I wish I could have escaped ever having to try out this game.
ESCAPE TRICK: 35 Fateful Enigmas combines investigative gameplay with intriguing storylines, each puzzle forming a bizarre mixture of an escape room mystery and a point-and-click adventure. Over the course of 35 playable levels across two separate (yet intertwined) campaigns, you, the player, are required to investigate your surroundings by clicking the items and scenery around you in order to figure out a way to escape from the various hopeless situations that you find yourself in.
As a lover of puzzle games, and as someone who has always enjoyed point-and-click gameplay, I thought that this game would be perfect for me. Sadly, it is – to put it bluntly – a horrific disappointment.
Each puzzle feels near-on impossible to solve without just clicking randomly everywhere on the screen and hoping to find something useful or pertinent to the escape attempt at hand. Navigating around the various levels feels clunky and awkward, and with many necessary items being present on the edges of the screen and only obtainable in certain views, it is certainly no easy feat to pick up or even just find everything that you need to escape.
I repeatedly found myself having to watch videos of the solutions online, which – besides being completely dissatisfying – soon became frustrating, as the person making them hadn’t even been able to solve the level I was stuck on. Most of the puzzles are illogical and have perplexing solutions, not least because many of the acquirable items either turn out to be red herrings or have some unintuitive hidden use which you can only figure out by repeatedly listening to their descriptions. Investigate everything, people!
To make matters worse, if you complete certain steps of the escape solution out of order, some of the in-game events will not trigger and will render you unable to solve the puzzles at all. Additionally – and this is perhaps the game’s biggest fault – there are no ‘help’ features built into the game at all. Without the ability to skip past levels or move onto a different one if you’re stuck, you’re screwed if you can’t work out the solution or find one online.
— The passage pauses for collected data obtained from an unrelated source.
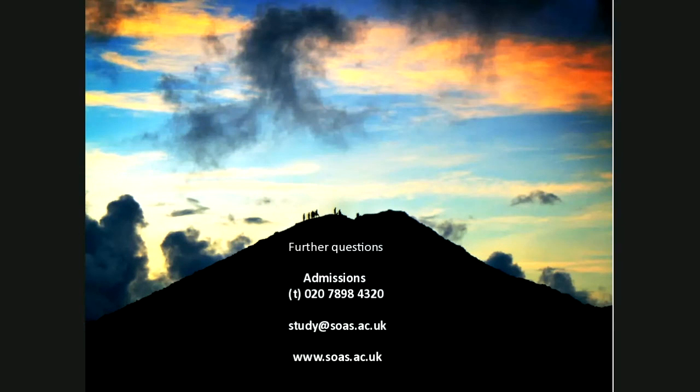If you have any further questions, please contact the Masters and Admissions team directly — the website is available. Please also contact the international officers directly; our details are available on the webpage. Thank you.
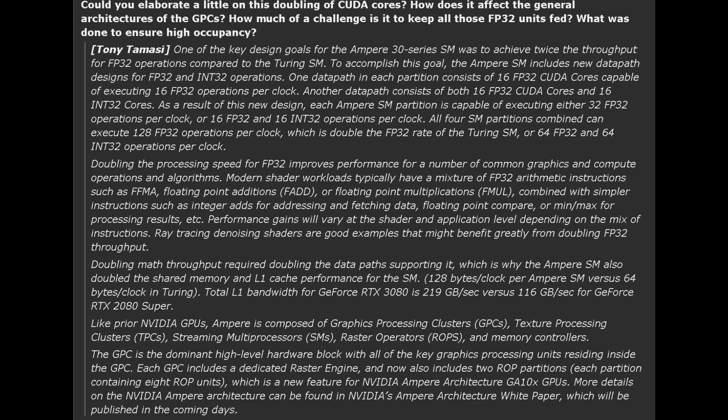Performance gains will vary at the shader and application level depending on the mix of instructions. Ray tracing denoising shaders are good examples that might benefit greatly from the doubling of FP32 throughput. Doubling math throughput required doubling the datapath supporting it, which is why the Ampere SM also doubled the shared memory and L1 cache performance. Total L1 bandwidth for the GeForce RTX 3080 is 219 GB/s versus 116 GB/s for the RTX 2080 Super. Like prior NVIDIA GPUs, Ampere is composed of GPCs, TPCs, SMs, ROPs, and memory controllers. Each GPC includes a dedicated raster engine, and now also includes two ROP partitions — a new feature for Ampere. More detail can be found in NVIDIA's Ampere Architecture Whitepaper, which will be republished in the coming days. If you're interested in a deep dive of the Ampere architecture, I highly recommend reading the whitepaper once it's out, as they've done quite a bit of changes here, hopefully for the better.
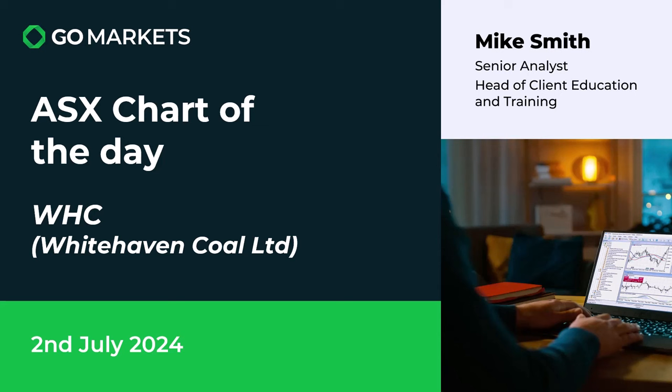Welcome to your ASX chart of the day. It's the 2nd of July and today we're looking at whole stock Whitehaven Coal Limited, ticker code WHC, which has been featured by us before. We've got some really interesting price action on this stock in an environment where coal stocks seem to have had a good run over the last couple of weeks. Let's have a look at the chart right now.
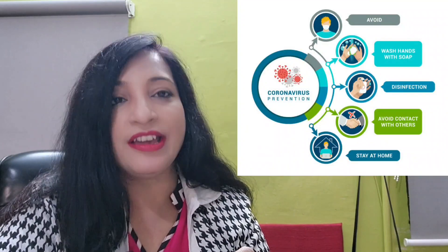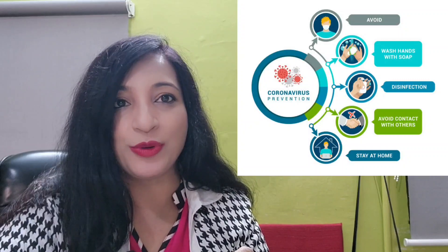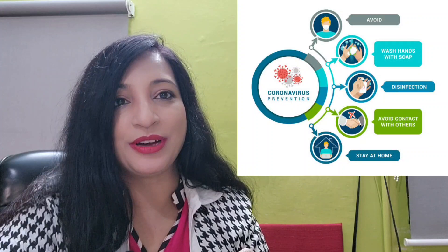Stay safe and stay happy, and share the information. Do not let corona take over you this time because now we are already informed. Thank you. We will come again with another topic.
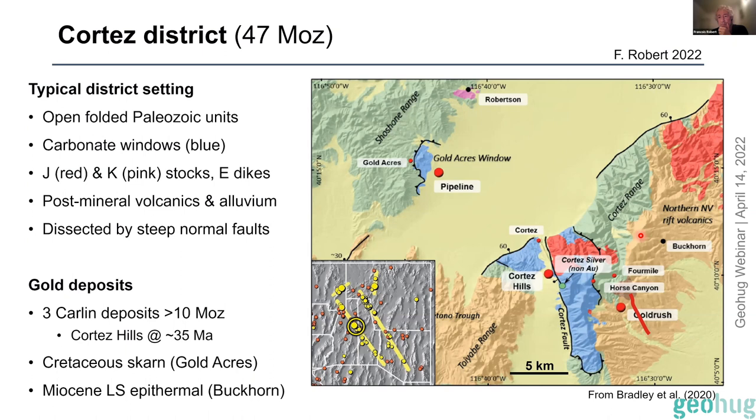Jessica, do I have time for two slides on Cortez? Good. Let's move to the Cortez district just for comparison quickly.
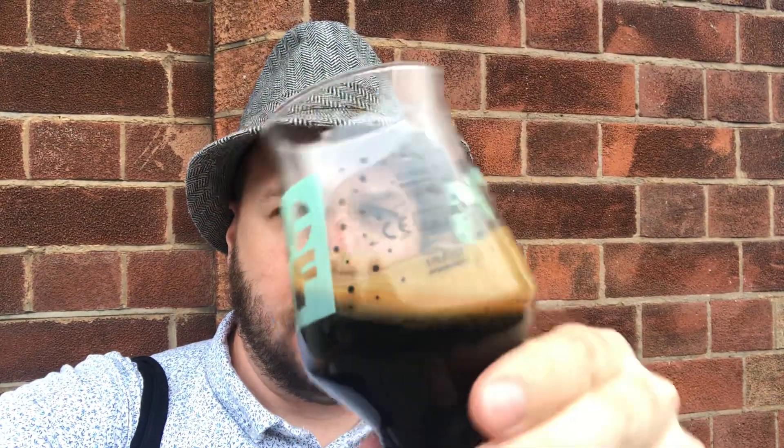Look at the state of that stuff. So a third of this cost £3.50 — I thought it was a really damn good price. On draft. Let's give it a try.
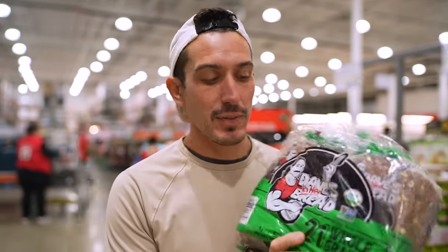Another dad and kid favorite — I put these in the freezer. This is big enough to last us a while, I'm going to put these in the deep freeze. This is Dave's Killer Bread. I like it, the kids enjoy it, and it's super cheap for a lot, so we're getting it.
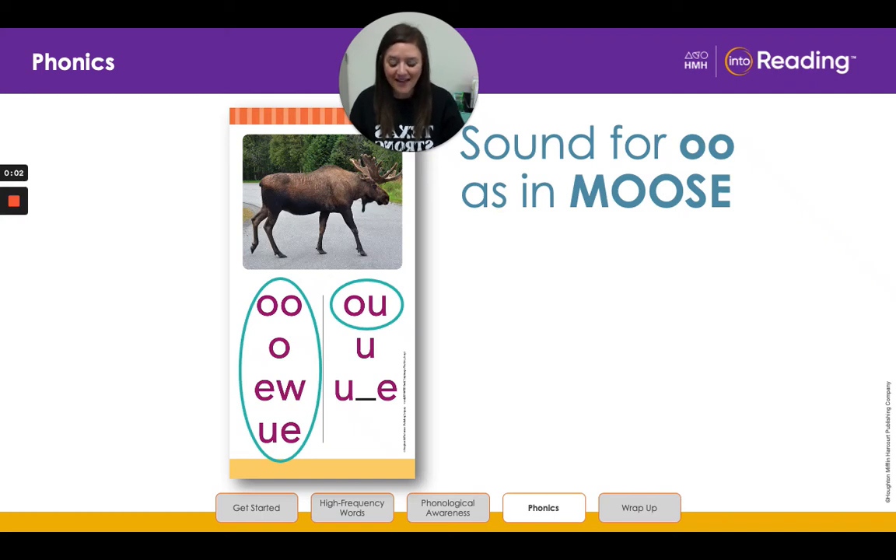Hello, my second grade friends. All right, boys and girls, we are going to talk about the sound spellings we are learning this week.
At the very least, the visuals of the game are mostly well-designed, but should you stare into the shadows of some of the levels, their blurry pixels and undefined textures begin to stand out. The background music and sound effects quickly become mind-numbing as well, as they never change nor even slightly differ between any of the 35 levels – the only exception being between the main investigation phase and the ‘oh-my-god-you’re-going-to-die’ timed phase, if there is one in the level at hand.
The game suffers from clumsily constructed first-person narration, consisting of both present-tense internalised thinking and the oration of self-explanatory actions. Unable to skip the swathes of subtitles when re-playing or re-trying levels, I was ever-so-thankful for the + button which at least allowed me to fast-forward through it all.
Equally, even when adjusted the movement speed of the on-screen cursor never feels quite fast enough, and as such an uncomfortable mixture of touch-screen controls and joystick jabbing is required to adequately navigate through the game and investigate the surroundings of each level. Thus, to get the best experience out of the game, you’ll want to be playing in handheld mode.
Overall, ESCAPE TRICK: 35 Fateful Enigmas is not worth picking up in its current state, especially not with its £15.99 price tag. Unless you have no care for your sanity, the game simply isn’t fun, and the hours you could spend deliberating over which useless-looking item is actually the key to your escape could be spent playing something much more gratifying.
ESCAPE TRICK: 35 Fateful Enigmas
ESCAPE TRICK: 35 Fateful Enigmas has the premise of a fantastic game, but its execution is absolutely diabolical. It is frustrating, unrewarding, and ultimately not a lot of fun to play – especially as there are absolutely no options available to get help or skip the level you’re on if you get stuck or can’t work out the solution. Unless a hint feature is implemented, I wouldn’t recommend this game to my worst enemy – unless they were as illogical in their thinking as this game is in its presentation.